What amazed me throughout the process was the students’ resilience—and that of Smith, Thomas, and Stefanoni. First, they worried the story would provoke a retaliatory response from the district. Although the superintendent encouraged the students to report it (thanks to the Kansas Student Publications Act as much as his benevolence), he also said publicly that the concerns about Robertson’s credentials were much ado about nothing.

“That was disappointing,” Thomas tells me. “The superintendent gave the impression that the new principal had answered everyone’s questions fully and satisfactorily. And so by extension, that meant the students were wasting their time. But they put their heads down and kept working.”

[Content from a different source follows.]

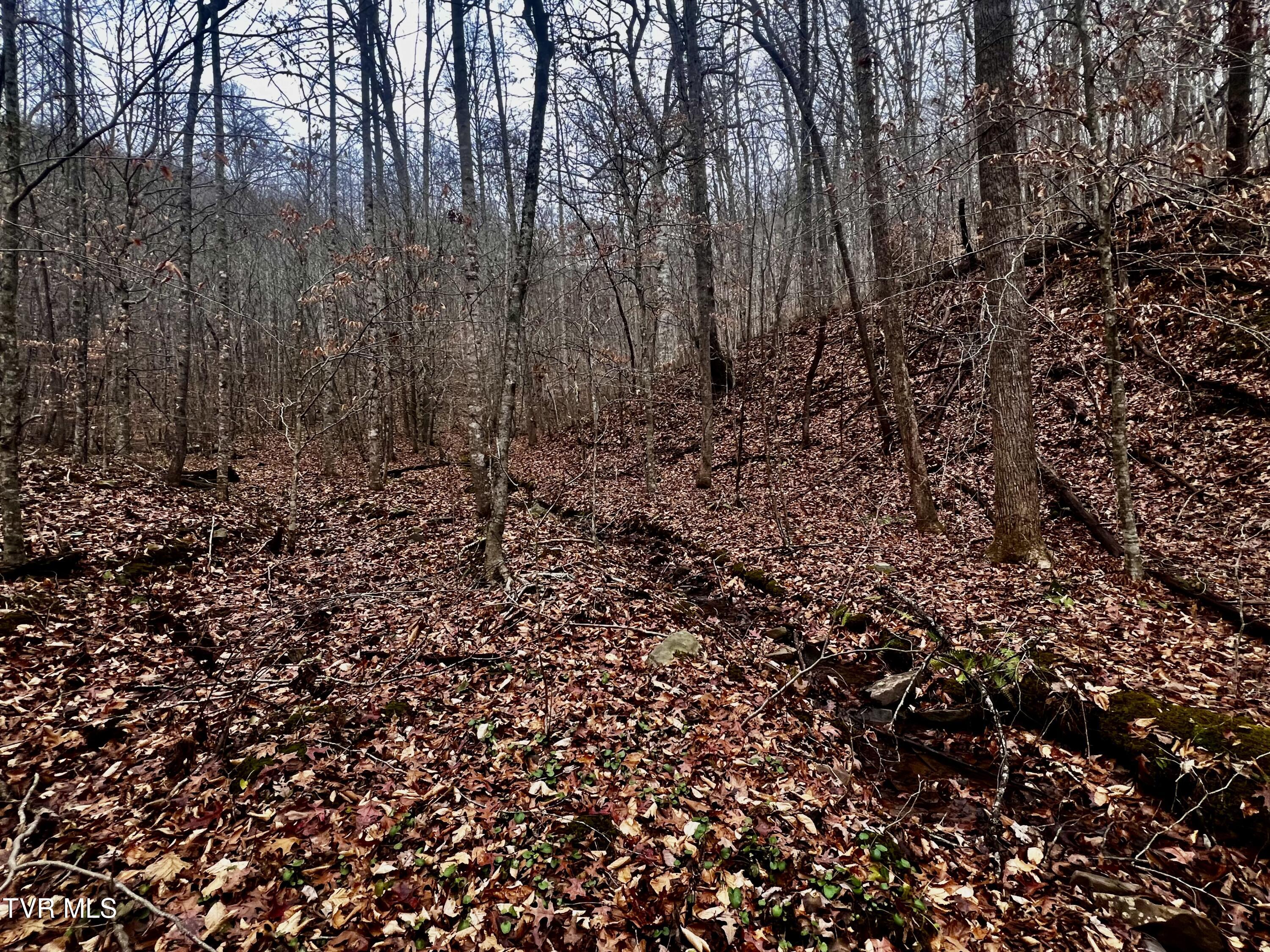 27.4/Ac Tbd Snake Hollow Road, Sneedville, Tennessee image 8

(The superintendent did not respond to an interview request from CJR.)

The Booster Redux also worried about the relative quiet after publication. From Friday to Monday, the only notable response had come from the superintendent, who told the local newspaper, the Morning Sun, that the concerns about Robertson’s credentials were, as the paper put it, “groundless.”

“A long few days,” Thomas says. “Eerily silent. We thought for a little while that we had published a major story and that nobody cared, no change would occur. That had been a concern of ours before publication, too.”

Thomas shared the story with reporters at the Topeka Capital-Journal and the Associated Press, among others, with the hope that they would follow up. The Capital-Journal broke the silence Monday, having initiated its own investigation the morning the students’ story went up. The next day, the Kansas City Star weighed in.

“That’s when we felt a bit better,” Thomas tells me.

For their part, the students have been on an out-and-back roller coaster. “I was so nervous about the whole story,” Maddie Baden, a 17-year-old Booster Redux writer who worked on the story, tells me. “I knew we had good sources, but I’m not the go-getter type. This was really difficult from that standpoint. But we understood it was an important story, and we were capable of telling it—and that’s what we did.”

I asked her how it feels now, listing some of the professional journalists who have noted their work.

“It’s shocking,” she says. “I never thought this story would be as big as it’s gotten. We’ve all been excited to have so many people read the story and take it seriously. We’ve been overwhelmed. This whole experience was a great opportunity and brought us closer as a staff.”

But she hastened to add that it was also hard work.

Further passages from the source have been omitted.